Dari Kenya dan Indonesia, kita belajar bahwa dunia ini penuh dengan paradoks. Kenya, negara dengan salah satu inovasi fintech terbaik di dunia, juga punya presiden yang dinominasikan untuk penghargaan yang, katakanlah, kurang prestisius. Di sisi lain, Indonesia, dengan segala kekuatan ekonominya, masih harus menghadapi sorotan tajam terkait isu korupsi.
Namun, ini bukan hanya soal pemimpin. Ini tentang sistem, budaya, dan upaya kolektif untuk memperbaiki keadaan. Jika Kenya bisa mengubah wajah Afrika dengan M-Pesa dan startup-startup brilian, dan jika Indonesia bisa membangun MRT serta jalan tol di atas ribuan pulau, maka mungkin saja kedua negara ini juga mampu menghadapi tantangan besar mereka: korupsi.
Sedikit Humor Saja
Bayangkan jika penghargaan OCCRP ini diadakan dengan format gala dinner, lengkap dengan pidato penerimaan. Presiden Kenya mungkin akan berkata, "Saya berterima kasih kepada rakyat Kenya atas dukungan mereka. Lebih dari 40.000 nominasi! Jumlah ini hampir sama dengan tiket stadion utama di Nairobi jika penuh sesak." Sementara itu, mantan Presiden Jokowi mungkin akan mengambil pendekatan yang lebih santai, "Saya pikir ini salah masuk daftar. Bukannya saya sudah fokus membangun jalan tol?"
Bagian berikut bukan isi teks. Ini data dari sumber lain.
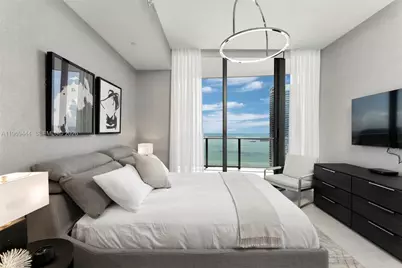 1000 Brickell Plz #PH6108, Miami, FL 33131 - Photo 27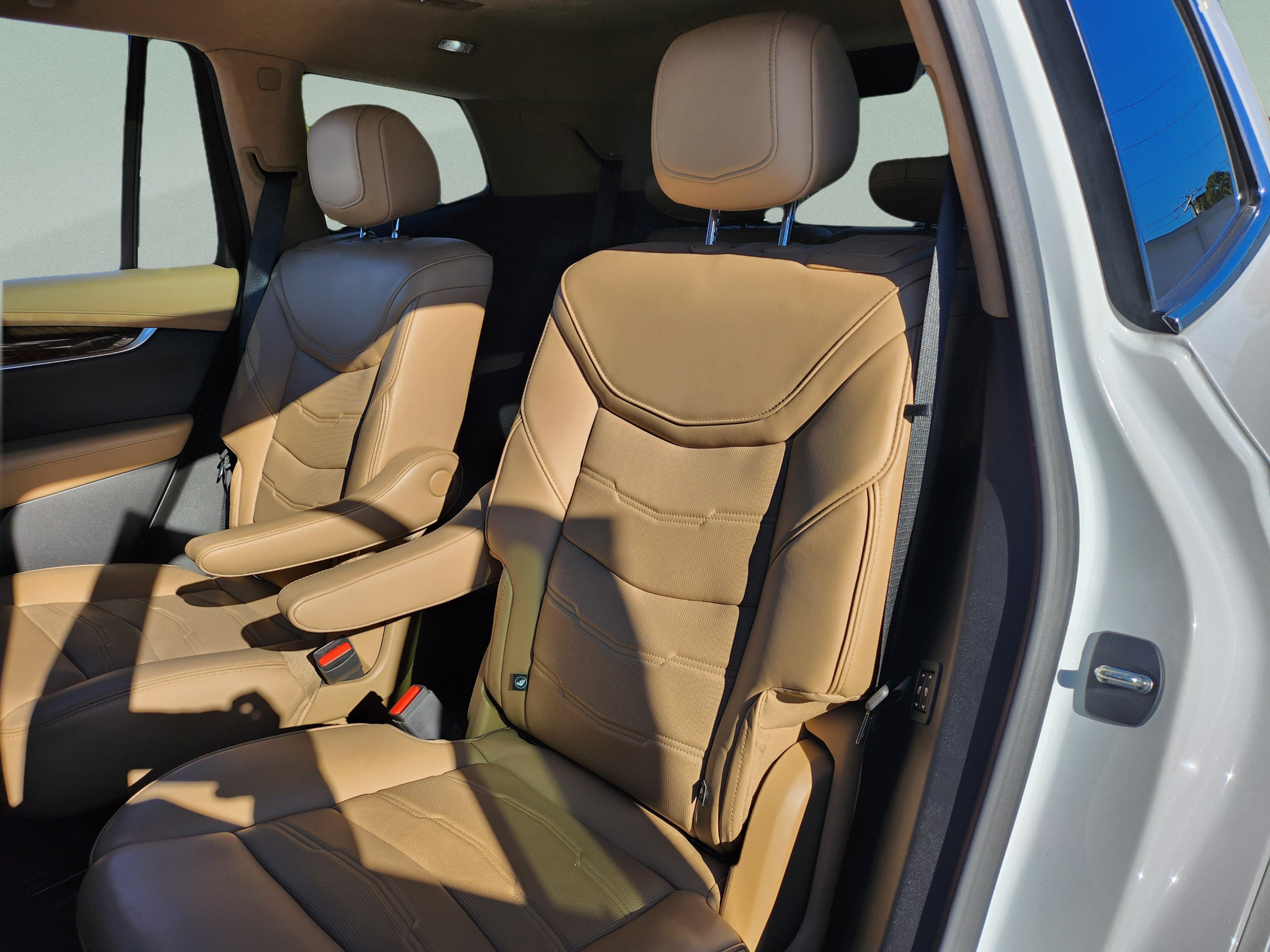 Used 2023 Cadillac XT6 Premium Luxury w/ Platinum Package FWD image 21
Tentu saja, tidak ada gala dinner. Tapi tetap saja, nama-nama ini kini tercatat dalam sejarah OCCRP. Untuk alasan baik atau buruk, itu tergantung siapa yang Anda tanyakan.
Penutup: Ayo Berubah
Meski cerita ini lucu dan sedikit menggelitik, ada pelajaran besar di baliknya. Baik Kenya maupun Indonesia punya potensi luar biasa. Inovasi teknologi Kenya bisa menjadi inspirasi, begitu juga dengan pembangunan infrastruktur Indonesia. Namun, potensi ini hanya bisa terwujud sepenuhnya jika korupsi dan kejahatan terorganisir diberantas.
Seperti peribahasa yang sering kita dengar, "Gajah di pelupuk mata tidak tampak, tetapi kuman di seberang lautan tampak." Ini adalah pengingat bahwa pembenahan dimulai dari diri sendiri sebelum menilai yang lain. Semoga kita semua mampu melihat gajah di pelupuk mata kita dengan jelas.
Jadi, mari berharap bahwa cerita ini menjadi pengingat, bukan hanya bagi pemimpin, tetapi juga bagi rakyat, bahwa demokrasi dan keadilan bukanlah sesuatu yang datang dengan sendirinya. Mereka harus diperjuangkan, setiap hari, di setiap tingkat. Karena pada akhirnya, penghargaan terbaik bukanlah dari OCCRP, tetapi dari sejarah yang mencatat bahwa kita berhasil berubah menjadi lebih baik.